But... We Ruled the World... How Can It Ever End?

But... We Ruled the World... How Can It Ever End?

Clay Shirky’s recent column, “Newspapers and Thinking the Unthinkable,” has earned deserved attention among those of us pondering the question of what happens next, and whether the financial models of newspapering and making local TV news can survive the current economy.  Increasingly, it seems the answer to both questions is “no.”

It no longer seems like madness to suggest that what we’re living through isn’t the toughest times for local TV news as we know it, but rather, a revolution that will wash away the medium we grew up with, and usher in something different.  That’s scary stuff.

Shirky describes the insistence that newspapers must be saved this way:  “When someone demands to know how we are going to replace newspapers, they are really demanding to be told that we are not living through a revolution. They are demanding to be told that old systems won’t break before new systems are in place. They are demanding to be told that ancient social bargains aren’t in peril, that core institutions will be spared, that new methods of spreading information will improve previous practice rather than upending it. They are demanding to be lied to.

There are fewer and fewer people who can convincingly tell such a lie. ”

Digital Guru Clay Shirky

Digital Guru Clay Shirky

That is meaty, heavy stuff, and it is as applicable, I believe to local TV news as it is to newspapers.  Anybody who refuses to believe that what we’ve spent our careers doing must continue to exist is at high risk of being rendered irrelevant.  And in TV, as in any business, irrelevant is noplace to be.

The save-the-papers debate, as Shirky points out, boils down to a journalistic truism:  newspapers put asses in seats at city council meetings, and get deeper into stories than local tv newsers have the luxury of doing.  They have more bodies to sift through overnight police reports and court filings.  They are essential to the survival of a healthy society.  If newspapers die, who will do that work?  Certainly not the “you’re live in the noon on the house fire” TV guy.  He’s lucky if he can grab a five-dollar footlong before he starts crashing for his 5 o’clock package.

“The newspaper people often note that newspapers benefit society as a whole.
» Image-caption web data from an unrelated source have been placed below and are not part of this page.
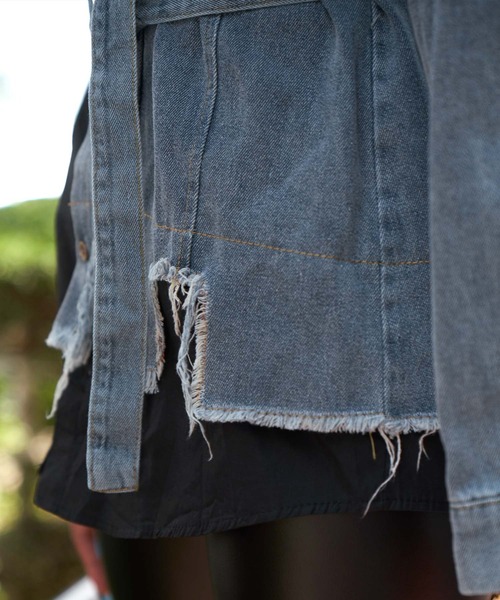 babyShoop（ベイビーシュープ）の「デニム切り替えシャツ（シャツ/ブラウス・レディース・ブラック/ホワイト・FREE）」の21枚目の写真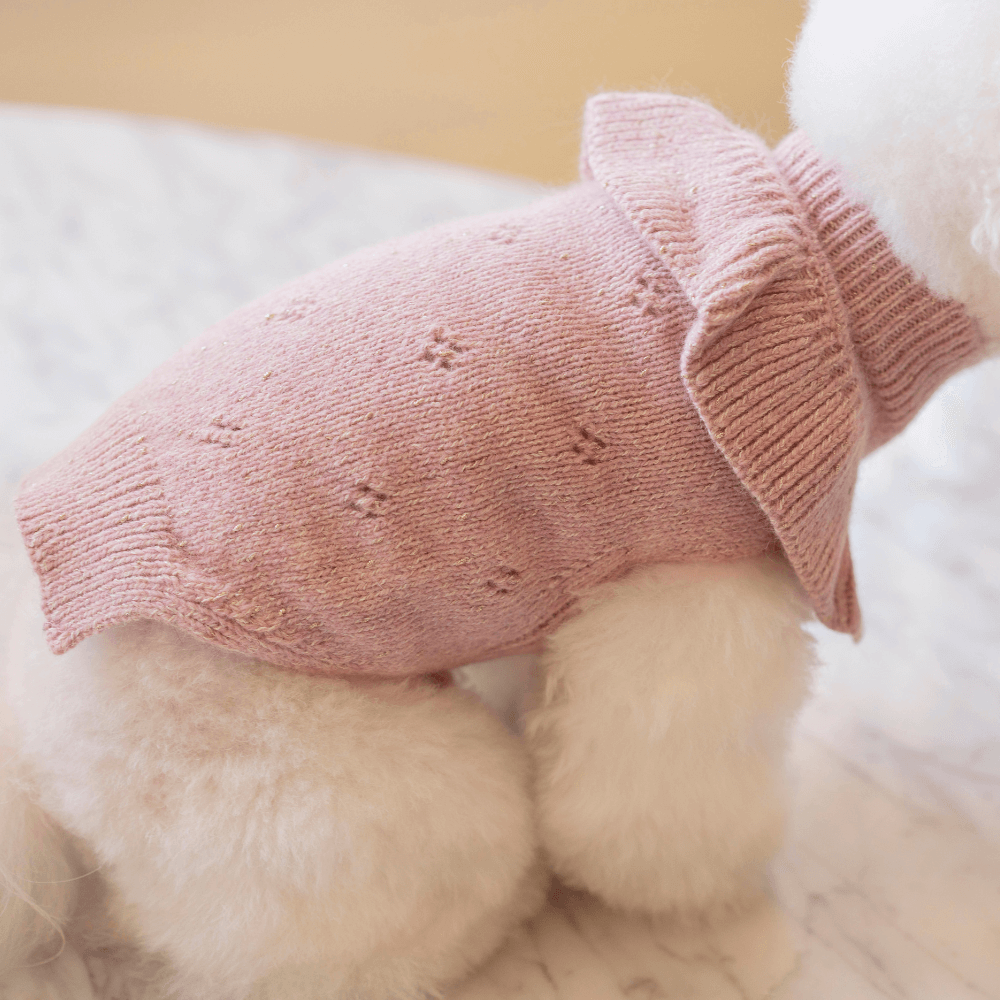 Glitter Frill Knit（Dusty Pink）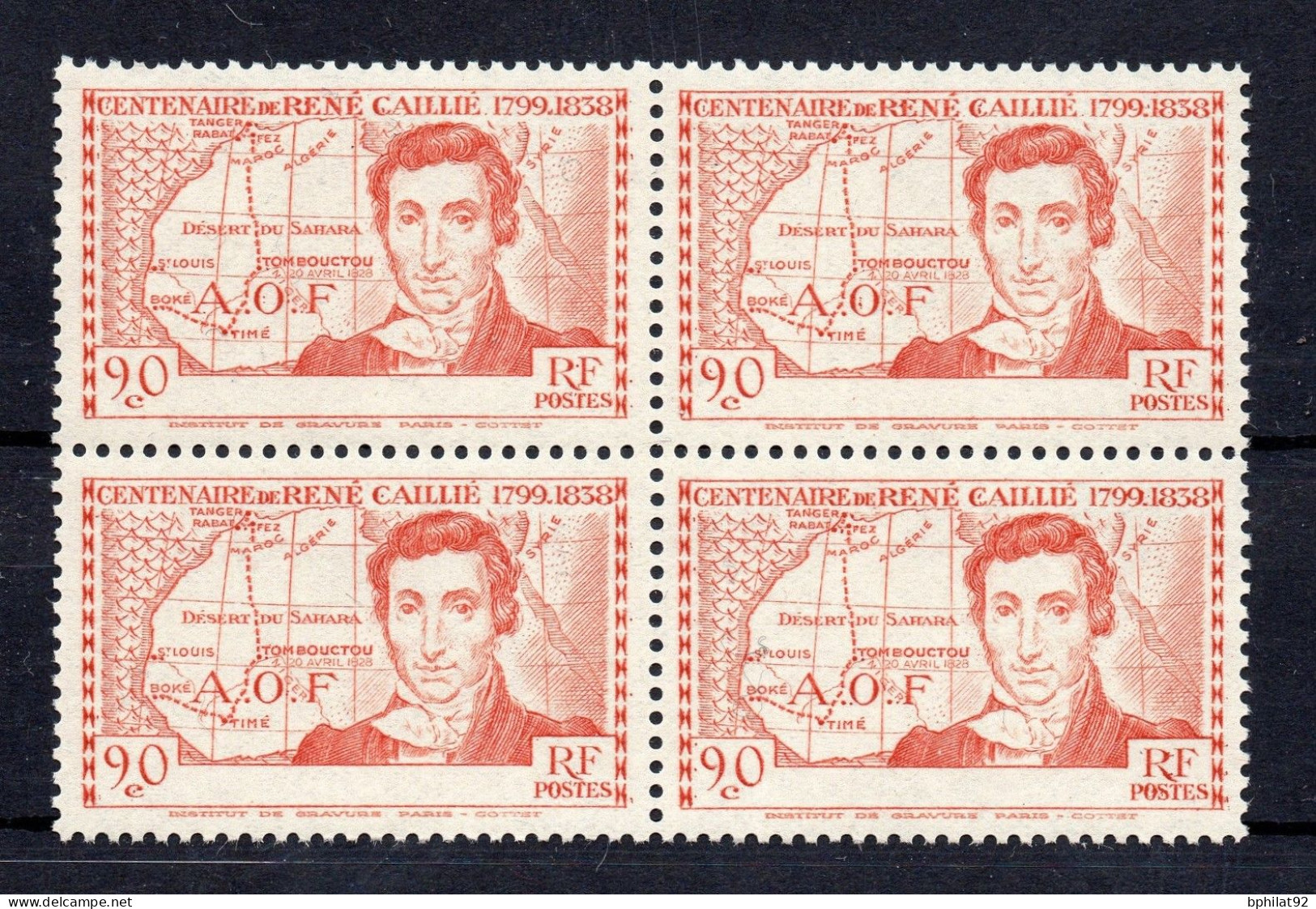 !!! COTE D'IVOIRE BLOC DE 4 DU N°141a 90C RENE CAILLE SANS LEGENDE DE PAYS NEUF ** - Unused Stamps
This is true, but irrelevant to the problem at hand; “You’re gonna miss us when we’re gone!” has never been much of a business model,” Shirky writes.  “So who covers all that news if some significant fraction of the currently employed newspaper people lose their jobs?  I don’t know. Nobody knows. We’re collectively living through 1500, when it’s easier to see what’s broken than what will replace it.”

Same again for TV.  It’s gut-check time.  Are you thinking about surviving the downturn?  Or figuring out what’s the new thing–and how to thrive doing it?

The Rocky Said Goodbye After 150 Years

The Rocky Said Goodbye After 150 Years

Shirky writes:  “Society doesn’t need newspapers. What we need is journalism. For a century, the imperatives to strengthen journalism and to strengthen newspapers have been so tightly wound as to be indistinguishable. That’s been a fine accident to have, but when that accident stops, as it is stopping before our eyes, we’re going to need lots of other ways to strengthen journalism instead. ”

Society doesn’t need the six o’clock local news either.  But it does need to know what’s happening.  We still have a job to do, it’s just a question of where, and who’s going to pay us.  That’s what I’m anxious to figure out, rather than answer the question of when the dry pipe in the sales department will start gushing cash again and all will be better.  That sounds more than ever like denial.